January 9 – February 7, 2015

Warren Isensee’s new paintings and drawings continue to offer luminous, emotionally and optically charged color within the structure of geometric abstraction.  These new works further demonstrate Isensee’s ongoing commitment to color and reductivist abstraction. The artist state “I have always worked to capture the qualities of both color and light that have throughout history activated the surface of painting.
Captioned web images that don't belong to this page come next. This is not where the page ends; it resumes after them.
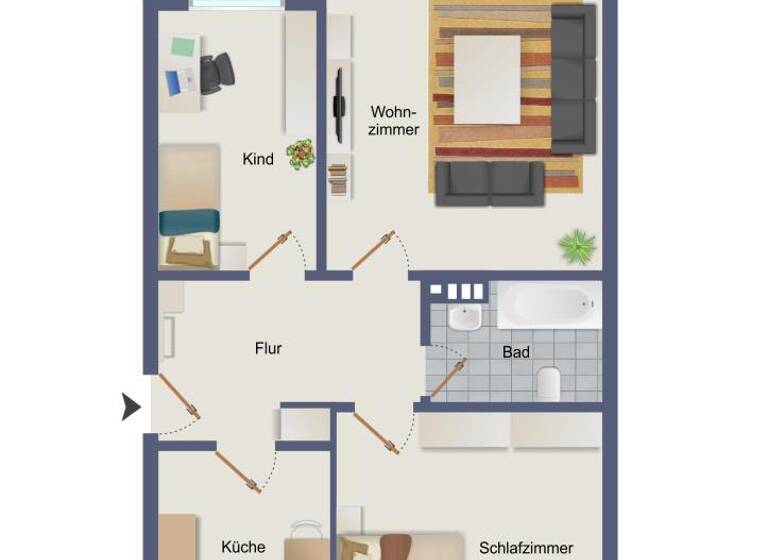 Wohnung zum Kauf provisionsfrei 138.000 € 3 Zimmer 65,1 m² EG Kreinsloger 143b Rönnebeck Bremen 28777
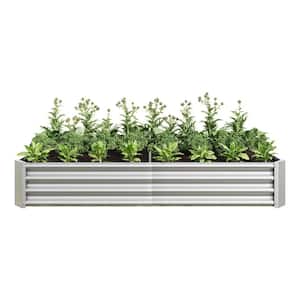71 in. L x 36 in. W x 12 in. H Silver Metal Rectangle Raised Vegetable Flowers Plants Planter with Open Bottom Design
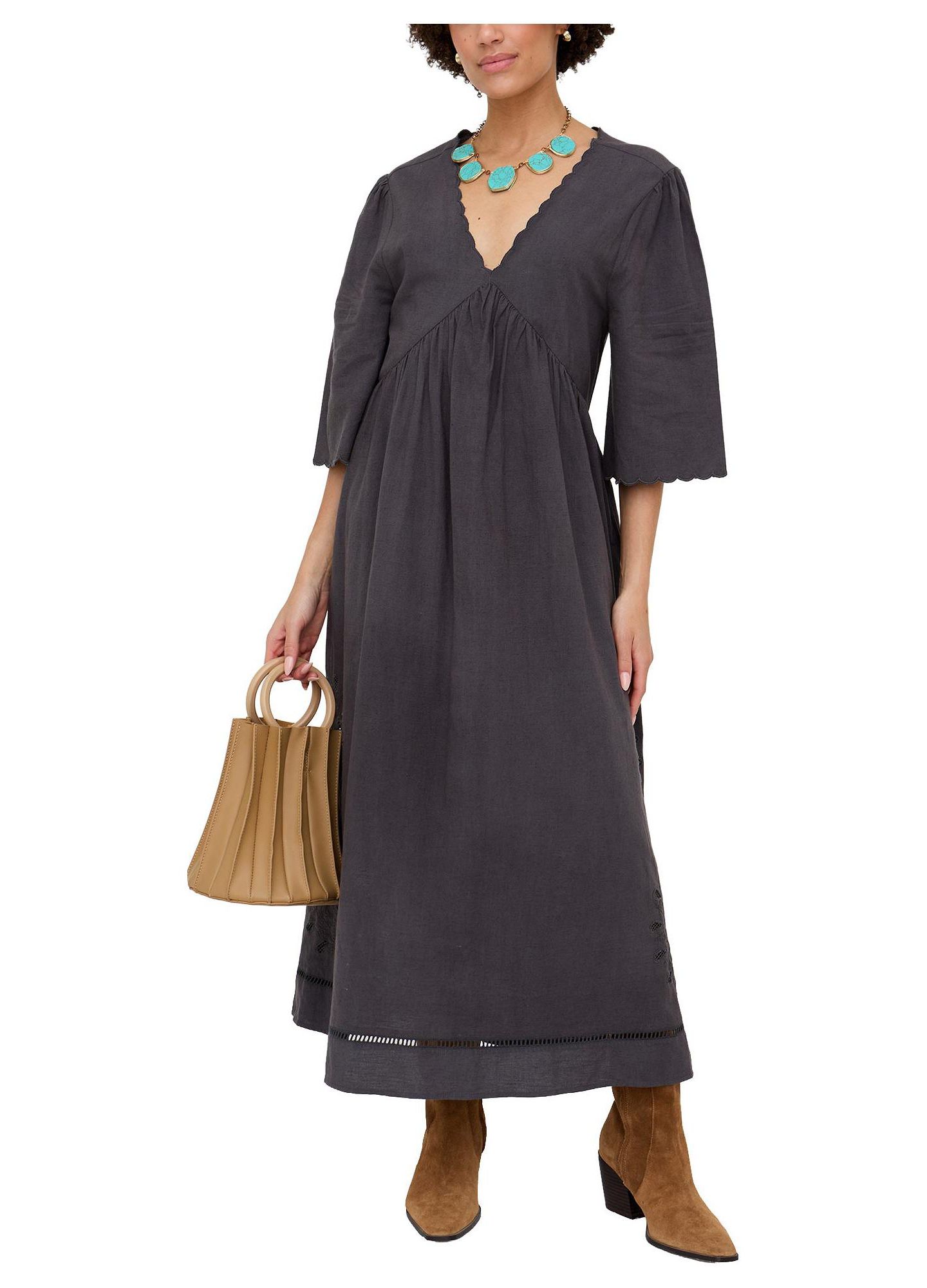 Женское платье Raffya Ibiza Smock Embroidered Midi, цвет: Угольный — фото 1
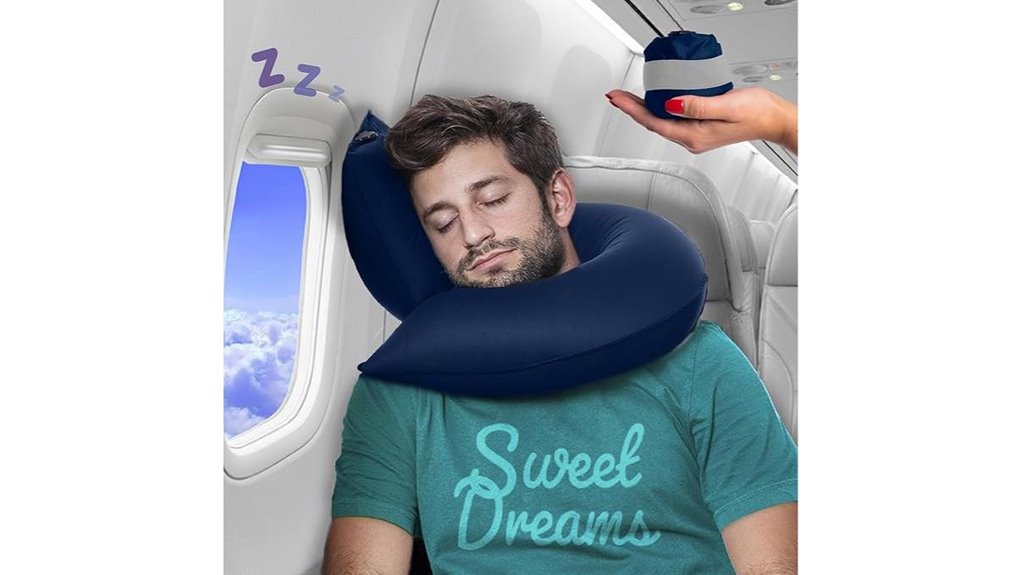 Travel Neck Pillows for Window Seats (Support Without Bulk) 4 candy cane inflatable pillow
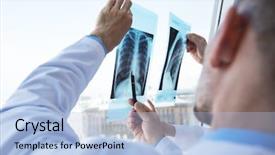  Presentation with healthcare - Slide deck consisting of scan chest - healthcare medical group of doctors background and a light blue colored foreground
I am exploring how oil on canvas can tap into the rich resonance of luminosity or “glow”…. The goal for each painting is to capture light and contain it in a kind of perpetual motion field that, when married to color, gently pulsates, recedes and advances.”

 

Jiri Georg Dokoupil: New Paintings

Paul Kasmin Gallery, 515 West 27th Street

New Paintings from January 8 – February 7, 2015

 Comprised of large-scale works on canvas from the artist’s Soap Bubble Paintings series, this exhibition demonstrates Dokoupil’s continuously varied experiments with non-traditional media and chemical processes. As a founding member of the Cologne-based Mülheimer Freiheit and Junge Wilde (“Wild Youth”), a group of young artists in the late 1970s, he rejected the reductive, austere, and unapproachable nature of Minimal and Conceptual Art during this time in favor of a more animated style and saturated palette.  The first Soap Bubble Paintings were developed in the early 1990s by creating alchemical compounds fusing pigment and soap in various proportions. Seeking to reinvent traditional painting techniques, Dokoupil’s pictures are aesthetically bold and dynamic yet conceptually rigorous.

 

 

Ori Gersht On Reflection

CRG Gallery, 548 West 22nd St, New York

January 29 – March 14, 2015

Ori Gersht’s recent works examine how painting and photography represents reality. Gersht interacts with Jan Brueghel the Elder’s floral triptych from 1606, now in Vienna’s Kunst Historisches Museum. For Gersht, Brueghel’s painting and the city of Vienna embrace a certain sense of exuberant decadence and imperialism. A metaphor he connects to our own time.  The mirror is a main element of this new body of work. By its nature, it raises the  question of what is real and what is perceived as real.

 


Upper East Side Galleries

Richard Diebenkorn: The Healdsburg Years

Van Doren Waxter, 23 East 73rd Street

November 5, 2014 – January 16, 2015

Organized in collaboration with The Richard Diebenkorn Foundation, The Healdsburg Years, is the first solo exhibition devoted exclusively to works made during the final years of Diebenkorn’s life.  The body of work Diebenkorn produced in his Healdsburg studio is intimately scaled. Diebenkorn approached each work and phase of his career with renewed curiosity, which is the constant thread in his dynamic creative process. Diebenkorn saw his creations as open-ended, relishing the unexpected that he embraced because it always propelled his work in new directions.

 

Jasper Johns: Sculptures and Related Paintings 1957-1970

Craig F. Starr Gallery, 5 East 73rd Street, New York

November 7, 2014 – January 23, 2015

This exhibition brings together some of the more rare works of the artist’s oeuvre.  The combination of prints, drawings and sculptures in this exhibition draws attention to something not often mentioned in the extensive literature on the artist: the relationship between Mr. Johns’s two-dimensional works and his three-dimensional ones. Showing a tendency to pick a subject and then explore all its possibilities in different artistic media.